New research shows that vitamin E could inhibit the development of prostate cancer. Researchers from the University of Rochester in the US reported on their study in the 28 May Proceedings of the National Academy of Sciences.
The researchers carried out experiments on the alpha-tocopheryl succinate form of vitamin E. They found that the vitamin suppressed the production of a receptor for testosterone, the androgen receptor (AR), which is a marker of the cancer's development.
By lowering the number of ARs in a prostate cancer cell, the genes that stimulate cancer growth are less likely to be activated, report the authors.

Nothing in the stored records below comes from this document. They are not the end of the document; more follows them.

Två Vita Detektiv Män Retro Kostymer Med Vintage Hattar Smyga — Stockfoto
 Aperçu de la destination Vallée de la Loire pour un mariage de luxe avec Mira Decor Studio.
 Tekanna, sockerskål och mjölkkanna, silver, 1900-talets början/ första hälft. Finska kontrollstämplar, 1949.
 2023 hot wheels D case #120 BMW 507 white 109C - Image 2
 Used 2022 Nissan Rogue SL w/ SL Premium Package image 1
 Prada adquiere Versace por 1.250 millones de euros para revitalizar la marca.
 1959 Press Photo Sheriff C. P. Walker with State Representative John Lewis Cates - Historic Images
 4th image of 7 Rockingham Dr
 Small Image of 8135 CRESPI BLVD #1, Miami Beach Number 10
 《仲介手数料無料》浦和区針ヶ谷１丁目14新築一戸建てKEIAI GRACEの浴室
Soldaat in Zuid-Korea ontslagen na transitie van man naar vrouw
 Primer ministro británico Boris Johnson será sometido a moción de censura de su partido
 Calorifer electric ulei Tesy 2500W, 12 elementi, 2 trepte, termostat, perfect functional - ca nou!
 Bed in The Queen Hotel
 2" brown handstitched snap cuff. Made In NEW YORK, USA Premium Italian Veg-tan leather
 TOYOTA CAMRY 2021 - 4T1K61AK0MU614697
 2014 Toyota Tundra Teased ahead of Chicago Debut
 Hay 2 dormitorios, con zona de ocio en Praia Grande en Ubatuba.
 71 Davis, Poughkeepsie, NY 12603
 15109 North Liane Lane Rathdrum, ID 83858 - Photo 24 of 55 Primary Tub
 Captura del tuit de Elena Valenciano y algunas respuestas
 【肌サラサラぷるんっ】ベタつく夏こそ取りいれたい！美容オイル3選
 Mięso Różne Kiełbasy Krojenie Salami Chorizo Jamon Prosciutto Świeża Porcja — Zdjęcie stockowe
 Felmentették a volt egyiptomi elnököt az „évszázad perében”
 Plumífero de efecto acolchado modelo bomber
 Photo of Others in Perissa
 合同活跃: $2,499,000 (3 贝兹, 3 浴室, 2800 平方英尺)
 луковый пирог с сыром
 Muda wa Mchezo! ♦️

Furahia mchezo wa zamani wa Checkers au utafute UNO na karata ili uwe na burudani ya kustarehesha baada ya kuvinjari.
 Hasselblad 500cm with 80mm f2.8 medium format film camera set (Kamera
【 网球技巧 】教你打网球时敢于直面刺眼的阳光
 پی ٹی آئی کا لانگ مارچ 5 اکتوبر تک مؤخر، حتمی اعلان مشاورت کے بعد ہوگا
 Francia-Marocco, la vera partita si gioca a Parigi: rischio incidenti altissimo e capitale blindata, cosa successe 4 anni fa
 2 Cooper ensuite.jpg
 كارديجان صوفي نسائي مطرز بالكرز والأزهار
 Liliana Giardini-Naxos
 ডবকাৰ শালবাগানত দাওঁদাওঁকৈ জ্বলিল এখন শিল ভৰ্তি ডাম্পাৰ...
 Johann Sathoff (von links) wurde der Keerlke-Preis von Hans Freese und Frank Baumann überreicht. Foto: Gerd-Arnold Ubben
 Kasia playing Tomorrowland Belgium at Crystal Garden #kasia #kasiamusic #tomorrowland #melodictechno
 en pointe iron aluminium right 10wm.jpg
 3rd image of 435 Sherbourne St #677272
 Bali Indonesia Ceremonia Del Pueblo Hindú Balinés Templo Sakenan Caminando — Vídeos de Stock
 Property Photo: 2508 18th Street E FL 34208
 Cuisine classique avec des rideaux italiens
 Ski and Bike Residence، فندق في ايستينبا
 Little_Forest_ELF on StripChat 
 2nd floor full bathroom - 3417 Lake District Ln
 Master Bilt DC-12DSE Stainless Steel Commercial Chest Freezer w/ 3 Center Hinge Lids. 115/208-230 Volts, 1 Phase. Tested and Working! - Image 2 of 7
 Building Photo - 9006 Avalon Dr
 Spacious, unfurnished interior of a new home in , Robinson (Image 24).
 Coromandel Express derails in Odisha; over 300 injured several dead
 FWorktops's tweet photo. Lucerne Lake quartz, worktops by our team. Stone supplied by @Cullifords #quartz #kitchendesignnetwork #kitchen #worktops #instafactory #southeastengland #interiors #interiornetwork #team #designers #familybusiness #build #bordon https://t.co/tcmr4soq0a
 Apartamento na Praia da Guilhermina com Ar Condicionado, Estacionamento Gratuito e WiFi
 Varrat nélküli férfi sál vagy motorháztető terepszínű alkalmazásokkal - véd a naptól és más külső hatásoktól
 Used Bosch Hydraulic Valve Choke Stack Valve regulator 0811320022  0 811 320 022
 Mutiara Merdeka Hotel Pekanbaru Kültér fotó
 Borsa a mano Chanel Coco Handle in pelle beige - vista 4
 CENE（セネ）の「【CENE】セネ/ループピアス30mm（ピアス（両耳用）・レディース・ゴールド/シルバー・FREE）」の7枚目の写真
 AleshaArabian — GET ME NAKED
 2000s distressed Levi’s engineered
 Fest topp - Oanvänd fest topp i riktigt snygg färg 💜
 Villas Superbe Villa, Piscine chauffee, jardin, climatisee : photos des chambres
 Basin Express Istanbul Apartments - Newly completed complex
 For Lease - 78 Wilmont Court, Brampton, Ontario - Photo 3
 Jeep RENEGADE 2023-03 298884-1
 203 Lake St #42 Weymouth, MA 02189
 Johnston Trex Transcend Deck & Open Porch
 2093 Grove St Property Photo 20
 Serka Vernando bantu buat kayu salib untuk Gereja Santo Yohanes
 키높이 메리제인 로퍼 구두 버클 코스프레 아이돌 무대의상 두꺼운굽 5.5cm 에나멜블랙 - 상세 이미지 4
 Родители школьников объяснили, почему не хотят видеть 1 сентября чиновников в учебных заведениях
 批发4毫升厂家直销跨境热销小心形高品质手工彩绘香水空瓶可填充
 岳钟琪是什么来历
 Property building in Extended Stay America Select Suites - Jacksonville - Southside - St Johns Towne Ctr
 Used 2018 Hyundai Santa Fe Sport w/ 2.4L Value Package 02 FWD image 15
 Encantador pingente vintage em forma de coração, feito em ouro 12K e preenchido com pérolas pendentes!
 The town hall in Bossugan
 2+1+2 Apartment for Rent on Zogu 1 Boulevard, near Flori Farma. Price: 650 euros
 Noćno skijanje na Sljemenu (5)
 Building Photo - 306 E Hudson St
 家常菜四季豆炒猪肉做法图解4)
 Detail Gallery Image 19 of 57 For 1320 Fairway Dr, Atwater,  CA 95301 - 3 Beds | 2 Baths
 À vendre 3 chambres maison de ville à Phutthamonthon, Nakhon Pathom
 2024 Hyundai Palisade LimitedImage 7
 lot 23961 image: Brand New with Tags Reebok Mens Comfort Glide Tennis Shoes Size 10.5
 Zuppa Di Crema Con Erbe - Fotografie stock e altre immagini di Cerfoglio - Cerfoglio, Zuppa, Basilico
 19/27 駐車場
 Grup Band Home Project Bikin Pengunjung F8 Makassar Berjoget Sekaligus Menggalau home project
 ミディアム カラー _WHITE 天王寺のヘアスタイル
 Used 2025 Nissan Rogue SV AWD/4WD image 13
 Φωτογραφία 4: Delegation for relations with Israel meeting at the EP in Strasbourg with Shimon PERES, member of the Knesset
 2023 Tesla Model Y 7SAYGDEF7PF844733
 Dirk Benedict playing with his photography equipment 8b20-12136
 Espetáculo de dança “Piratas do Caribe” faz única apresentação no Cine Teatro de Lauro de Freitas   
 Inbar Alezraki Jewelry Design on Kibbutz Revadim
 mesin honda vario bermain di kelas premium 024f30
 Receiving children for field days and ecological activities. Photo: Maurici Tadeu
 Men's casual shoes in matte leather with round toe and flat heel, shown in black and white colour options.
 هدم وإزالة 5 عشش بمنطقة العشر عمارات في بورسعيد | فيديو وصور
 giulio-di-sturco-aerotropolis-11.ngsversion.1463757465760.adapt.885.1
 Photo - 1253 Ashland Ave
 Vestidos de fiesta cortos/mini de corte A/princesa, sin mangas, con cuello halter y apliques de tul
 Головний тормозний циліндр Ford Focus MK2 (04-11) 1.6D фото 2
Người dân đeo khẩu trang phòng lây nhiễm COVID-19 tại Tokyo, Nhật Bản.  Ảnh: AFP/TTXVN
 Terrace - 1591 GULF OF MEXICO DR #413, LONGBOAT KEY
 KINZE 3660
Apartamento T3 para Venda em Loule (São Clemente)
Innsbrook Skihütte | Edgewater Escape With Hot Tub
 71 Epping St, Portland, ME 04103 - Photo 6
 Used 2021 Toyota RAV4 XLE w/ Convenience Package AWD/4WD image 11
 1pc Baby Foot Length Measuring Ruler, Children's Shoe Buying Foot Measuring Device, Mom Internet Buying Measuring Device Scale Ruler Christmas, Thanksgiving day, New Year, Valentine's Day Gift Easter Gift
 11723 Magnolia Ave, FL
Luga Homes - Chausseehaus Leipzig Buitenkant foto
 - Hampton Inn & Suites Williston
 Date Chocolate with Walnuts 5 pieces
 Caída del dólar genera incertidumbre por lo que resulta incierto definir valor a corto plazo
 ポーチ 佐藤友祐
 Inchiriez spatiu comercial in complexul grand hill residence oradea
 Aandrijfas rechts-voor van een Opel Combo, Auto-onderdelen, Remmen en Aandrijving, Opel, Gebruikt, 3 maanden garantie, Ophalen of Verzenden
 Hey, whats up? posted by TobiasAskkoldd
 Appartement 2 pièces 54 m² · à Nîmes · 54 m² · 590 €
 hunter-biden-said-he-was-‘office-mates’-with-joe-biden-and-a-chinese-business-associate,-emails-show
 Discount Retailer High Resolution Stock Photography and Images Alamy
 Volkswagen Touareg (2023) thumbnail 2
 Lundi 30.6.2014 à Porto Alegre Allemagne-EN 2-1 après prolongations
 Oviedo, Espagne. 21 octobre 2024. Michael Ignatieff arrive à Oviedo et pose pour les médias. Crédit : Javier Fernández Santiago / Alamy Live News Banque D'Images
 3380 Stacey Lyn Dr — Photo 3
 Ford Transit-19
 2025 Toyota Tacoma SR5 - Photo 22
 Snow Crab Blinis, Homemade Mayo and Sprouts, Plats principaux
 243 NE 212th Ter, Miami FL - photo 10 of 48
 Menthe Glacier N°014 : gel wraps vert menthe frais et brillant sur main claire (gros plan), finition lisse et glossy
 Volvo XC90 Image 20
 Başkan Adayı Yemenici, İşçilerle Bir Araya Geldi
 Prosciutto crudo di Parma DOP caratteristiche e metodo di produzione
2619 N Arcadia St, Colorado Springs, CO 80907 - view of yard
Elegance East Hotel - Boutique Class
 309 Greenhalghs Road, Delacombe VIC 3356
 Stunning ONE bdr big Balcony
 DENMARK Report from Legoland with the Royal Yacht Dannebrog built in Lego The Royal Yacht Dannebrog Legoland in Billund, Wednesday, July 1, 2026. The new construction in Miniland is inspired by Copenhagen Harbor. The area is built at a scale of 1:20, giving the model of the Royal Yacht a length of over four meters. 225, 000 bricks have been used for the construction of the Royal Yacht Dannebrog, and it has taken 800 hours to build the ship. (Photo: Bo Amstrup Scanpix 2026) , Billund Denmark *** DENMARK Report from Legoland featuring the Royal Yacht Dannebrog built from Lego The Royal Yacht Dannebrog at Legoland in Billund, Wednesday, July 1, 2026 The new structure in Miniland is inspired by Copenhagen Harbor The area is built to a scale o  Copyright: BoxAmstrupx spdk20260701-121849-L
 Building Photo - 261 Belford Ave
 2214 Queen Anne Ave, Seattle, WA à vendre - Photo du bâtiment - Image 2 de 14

Vitamin E was also found to inhibit the growth of the prostate cancer cells.
It was suggested that vitamin E supplements could be added to other AR inhibiting methods to destroy potential for prostate cancer cell growth.
The researchers found that using the pharmaceutical anti-androgen, hydroxyflutamide, commonly used in prostate cancer patients, simultaneously with vitamin E, resulted in a more significant inhibitory effect on LNCaP cell growth, than when the drug was used alone.
The study's authors hope the research could lead to new therapies in preventing and treating prostate cancer.
"As we have found that vitamin E reduced the amount of androgen receptor, a key factor for the progression of prostate cancer, this could be the base to concert different therapy strategies," said Shuyuan Yeh, a study author and an assistant professor in the department of urology and pathology at the university.
"For example, anti-androgen will prevent androgen's bind on androgen receptor and vitamin E would reduce the amount of androgen receptor. The combination of anti-androgen and vitamin E would possibly elicit better therapy effects."The authors also suggested that vitamin E might work best when consumed with other natural treatments that also have promising results against prostate cancer, such as vitamin D and selenium.